For us at COR, the month of March is all about the importance of initiations. The last two newsletters (you can find the first here and the second here) have been about rebirth and transformation.

So here comes the tough part about this whole theme: before the rebirth comes a kind of death! Something old needs to be let go of for something new to emerge. And that often feels like something is dying.

Old unhelpful habits and unskillful survival strategies don’t let go easily! Yes, we do have breakthroughs where we “see the light” and realize how unnecessary these habits are. We are all lit up about letting them go— once and for all. Yet a few hours, days, weeks or months later something happens that we perceive as threatening or dangerous or simply very stressful, and —BANG!— rushing in, with full force, comes our old unskillful habit.

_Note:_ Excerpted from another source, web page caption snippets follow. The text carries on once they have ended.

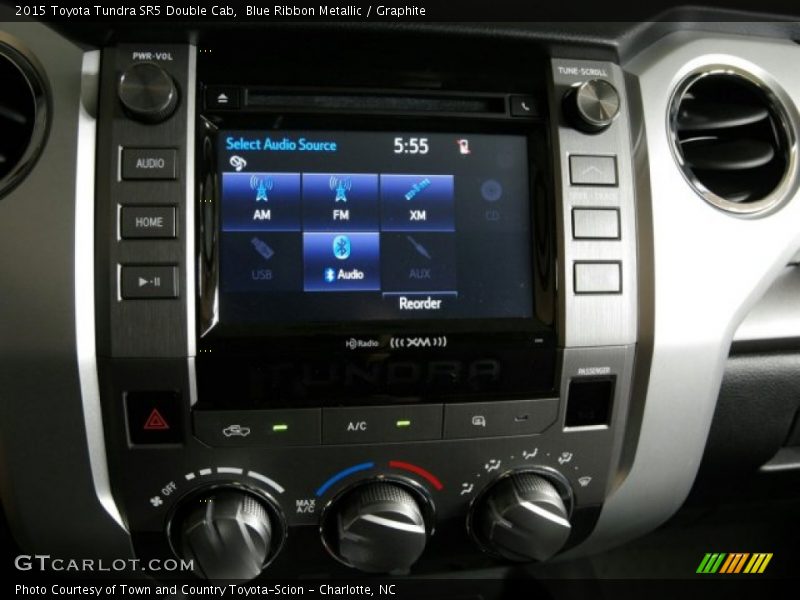 Blue Ribbon Metallic / Graphite 2015 Toyota Tundra SR5 Double Cab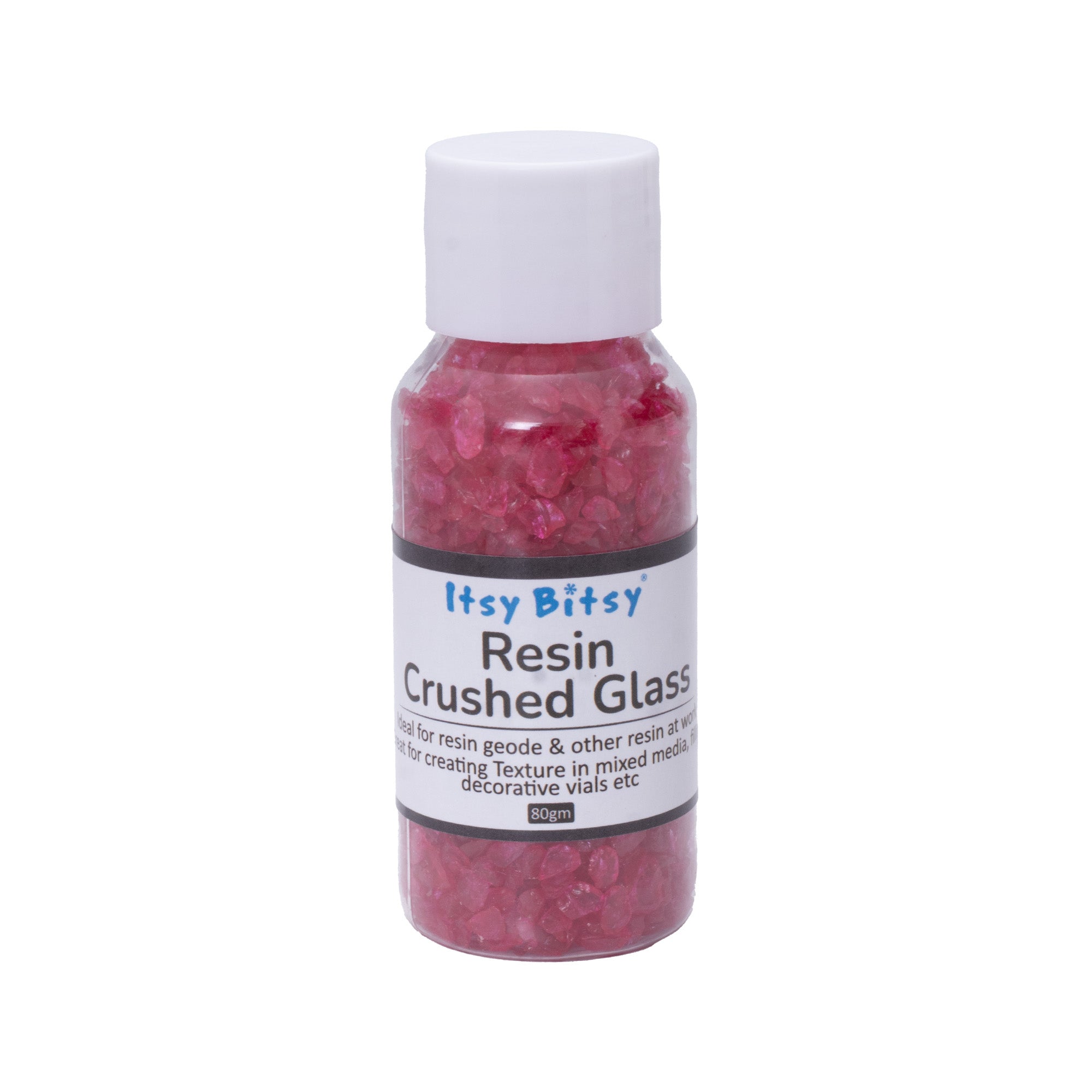 Crushed Glass Red 2-3mm 80gm Bottle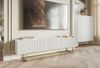 Selsey TV-Schrank VELDIO TV-Schrank mit gefrästen, grifflosen Fronten, goldenen Beinen, 175 cm Bild 2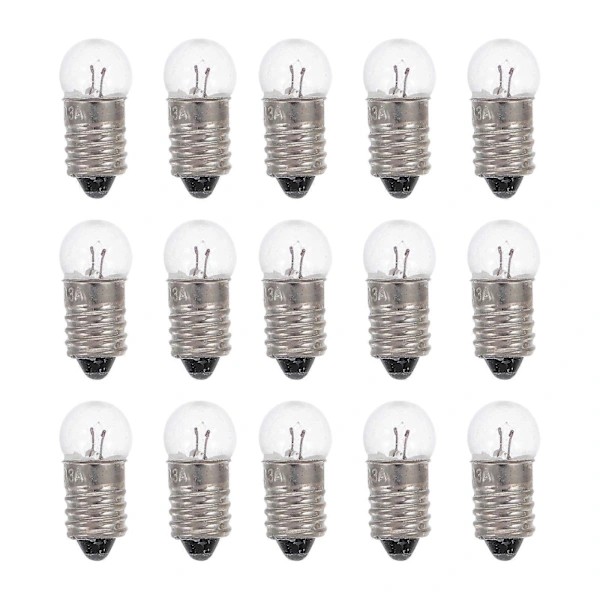 50 pcs Small Light Bulbs Electric Experiment Lamp Flashlight Bulb 1.5V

At the beginning of the journey, this can be really disheartening. We cannot believe we said that, or thought that, or behaved that old way again. Further down the path, we hopefully develop some compassion and understanding about the spiritual journey. It is not— at least not for myself or anyone I have ever met or worked with— a straight shot upward. It is about opening and closing, and remembering and forgetting, and then remembering again.

I myself have been on this journey for almost 40 years now. I started at about 15 years old. That is a lot of remembering and forgetting! And I’m going through another rite of passage in the last two months myself.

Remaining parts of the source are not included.